I honestly don’t know who invented this form, if it was Wu Chien Hao, or another Wu Family genius of tai chi, but eventually when you understand the basics of the Wu Square Form of Tai Chi, then you are doing something really good to train your structure for the smoother transitions required when you study the Round Form. The square form has the nuts and bolts training for your structure and energy system in it, trainings that are needed for a beginner or next level student of tai chi. If you are a beginning student or novice, then I recommend paying attention to your postures, body structure, and feeling the openings and closings of meridians. Throughout the form you will notice the Wu walk and how it pertains to your root structure, but the next level of growth comes from HOLDING your postures.
That’s right I said HOLDING your postures to awaken the dormant Qi inside your meridians. The square form can make an older student with soft tissue weaknesses develop strength and decrease their pain exponentially. It is easier for less gifted, engineering and mechanical minded, but the postures really explode with Qi circulation, if you focus on holding the postures, and slowing down the speed of your 108 movements.
Traditionally practice in Tai Chi lasted for 3 or more hours in a day. To study was a sincere commitment indeed, our Western minds move so fast because of technology and emotional drama. SLOW DOWN and put your mind fully inside your body. Inside each of these beautiful postures is an opportunity to make yourself much stronger, to internally give a workout to the inside of your body. When you slow these forms down and pause, hold the form, circulate the Qi, and sincerely keep your root while transitioning to the next posture, then you are really getting the fullness of this form. It can do wonderous things for you. The weak and the ill will tell you that they feel stronger while doing this art. It takes my mind, off my problems, and helps me transition to being fully present in my life.
It is really hard to be dissociative if we are fully present in our body, fully empowered, and unafraid of the outer world because internally we are strong. Problems just seem to get smaller when you take the time to practice and be fully present with the process of self-healing, self-awareness, psychic cleansing of the heart-mind, and staying in your Tan Tien. Life was not meant to be lived fully in your head. Internal arts bring the gift of integration, fully integrating your body and mind into one unified Qi. But integration merely begins from holding the postures to open and awaken the psychic energy system.

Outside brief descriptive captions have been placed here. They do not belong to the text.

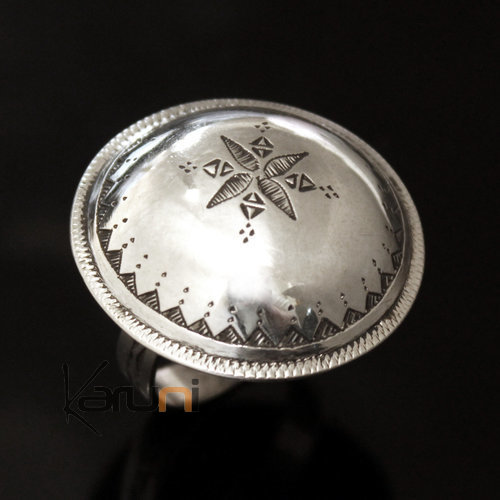 Ethnic Dome Ring Jewelry Sterling Silver Tuareg Tribe Design KARUNI  02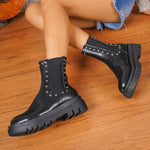 Women's Thick-soled Studded Fashion Mid-calf Boots 95220741S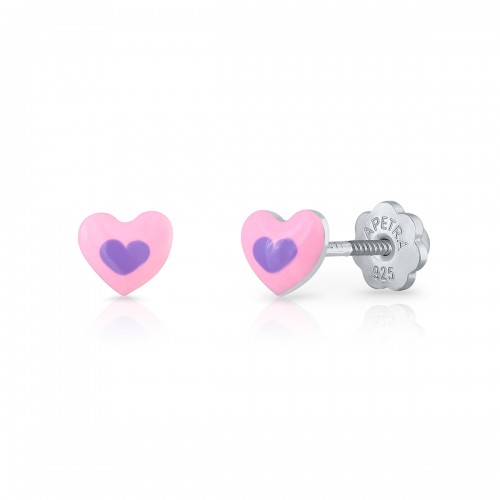 Pendientes Plata Corazón Rosa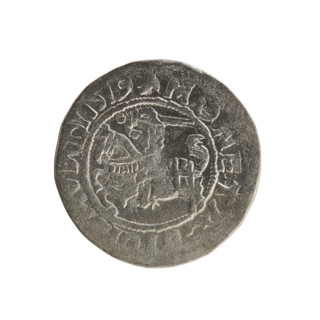 Lithuanian half-grosz, Sigismund I the Old (king of Poland; 1506–1548). Silver coin (half-grosz),
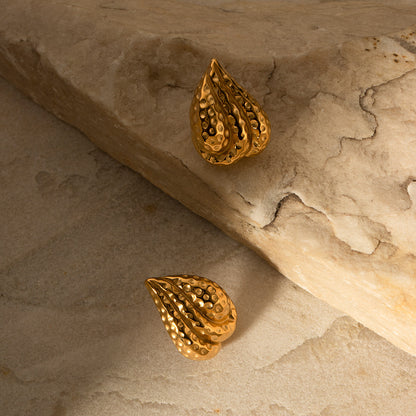 French retro hammered earrings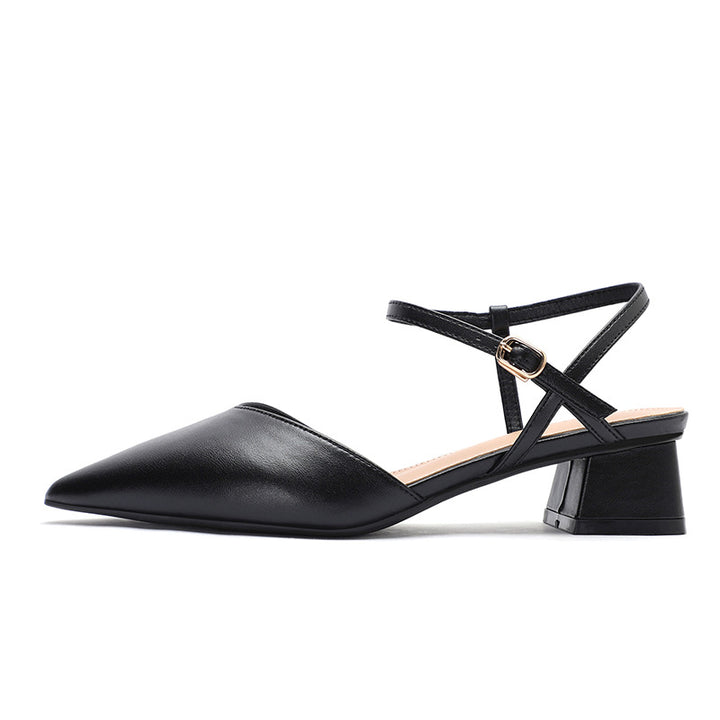 Dame Spitzer-Toe Slingback Pumps med justerbar rem og elegant blokhæl Stilla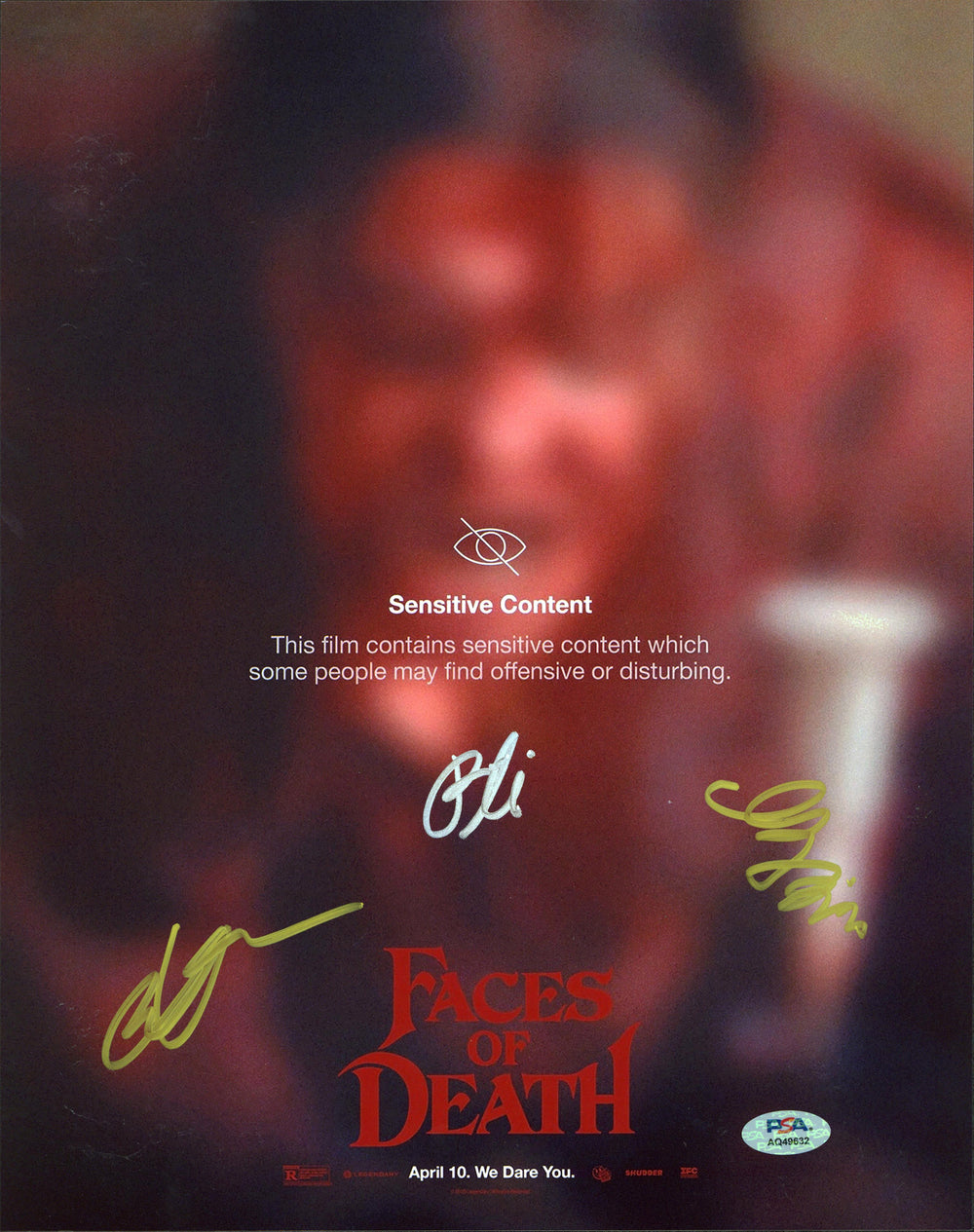 Faces Of Death (3) Ferreira, Goldhaber & Mazzei Signed 11x14 Photo PSA #AQ49632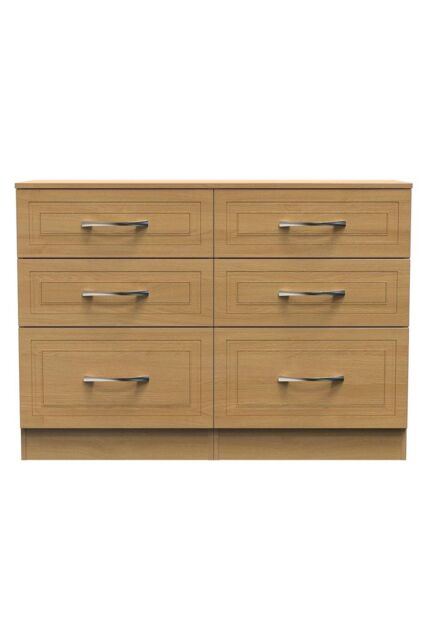 Ready Assembled 2 U Stafford 6 Drawer Wide Chest (Ready Assembled) in Light Oak - image 1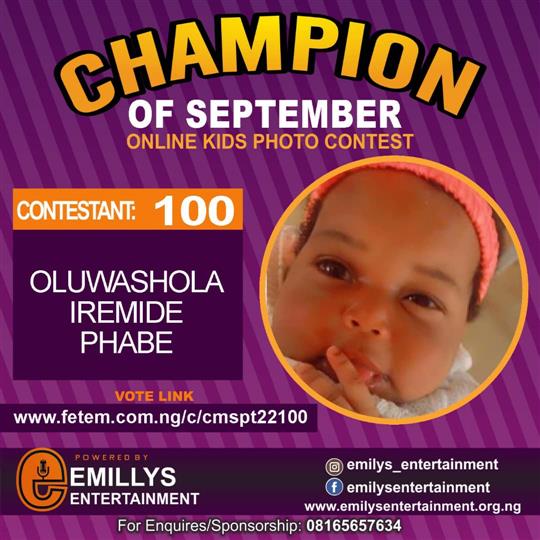 Vote OLUWASHOLA	IREMIDE PHABE in CHAMPION OF THE MONTH SEPTEMBER Voting Contest @ Fetem.com.ng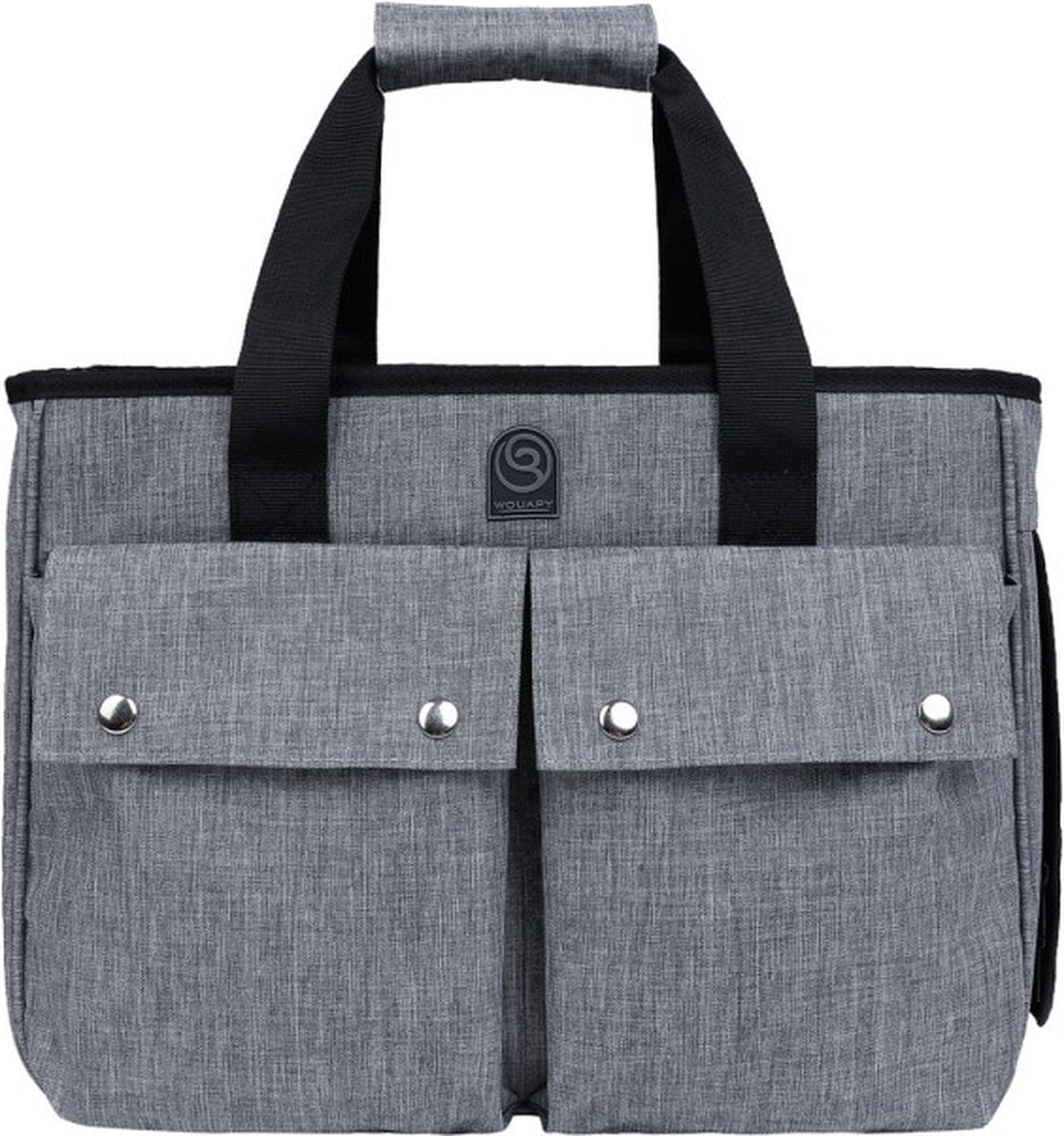 Wouapy - Draagtas - Transportzak "Baroudeur" - Kleur: Grijs - Afmetingen: 40x21x30 cm Classies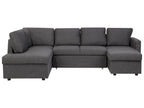 U-Shape Sofa Bed 5 Seater KARRABO Fabric Dark Grey with Storage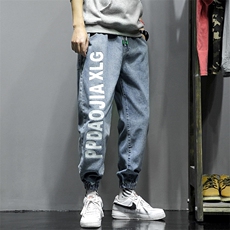 2021春季新款日系灰墙大码男字母印花束脚牛仔九分裤潮N8005-P50，男装牛仔裤，电商A001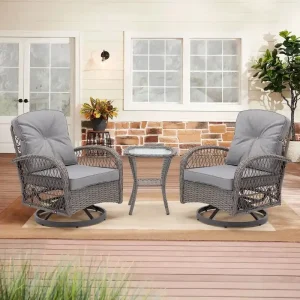 3-Piece Outdoor Swivel Rocker Conversation Set With Tempered Glass Coffee Table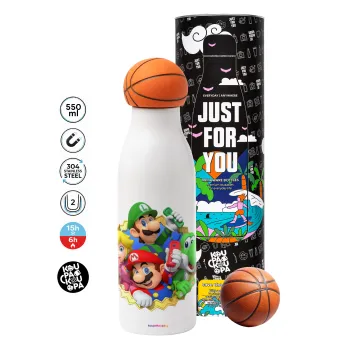Super mario and Friends, Μπάλα μπάσκετ μεταλλικό παγούρι θερμός, διπλού τοιχώματος, 550ml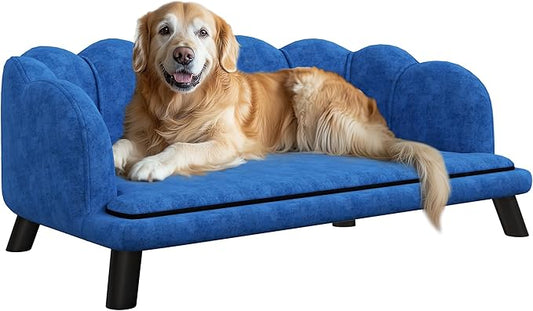 PawHut Velvet Large Dog Couch with Foam Cushion, Soft and Cute Bed with Pearl Design, Sofa for Big and Medium Dogs, Dark Blue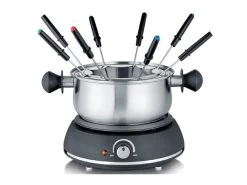 Salton - Electric Fondue Set, 2.8L Capacity, Stainless Steel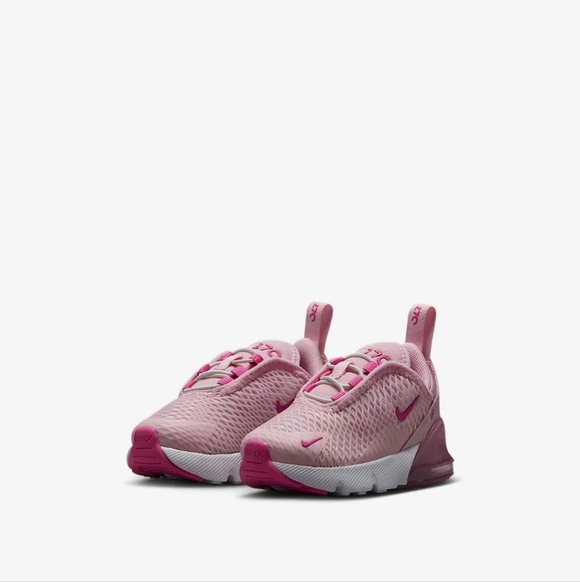 Bling Nike Air Max 270 Pink Toddler Girls Sneakers Baby Shoes - Picture 5 of 5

Square form at first didn’t interest me, to be brutally honest, because I started learning Round Form first. The movements in Round form are so amazing, it is my favorite form of all time, no contest at all. But the Square form can really develop Peng and awaken the Yang Meridians, the subtlety of the Square form was not found until I slowed the postures and transitions. Learning Round Form, I focused on doing the move right, and making smooth transitions into the next posture. Learning Square Form, I learned to awaken the peng energy similar to Yang Style which is a larger form of Tai Chi. Because you hold the postures, it helps people to strengthen their root. As your Tan Tien grows, so does your concept of movement from that center. Square Form is about integrating the structure and strengthening it to get the most out of the Round Form which should be learned later.
In the end, my resistance dropped and I found the beauty of the Square Form, holding single whip for several minutes, really slowing down the form, and speed of transitions has helped me to see how to properly teach this form along with meridian awareness. I could tell which posture worked which specific meridian or weakness in my energetic system. I needed Square Form to be able to really appreciate Round form.
So now I understand why The Wu Federation teaches Square Form first. To create more structure and awareness of the openings and closings of your meridians.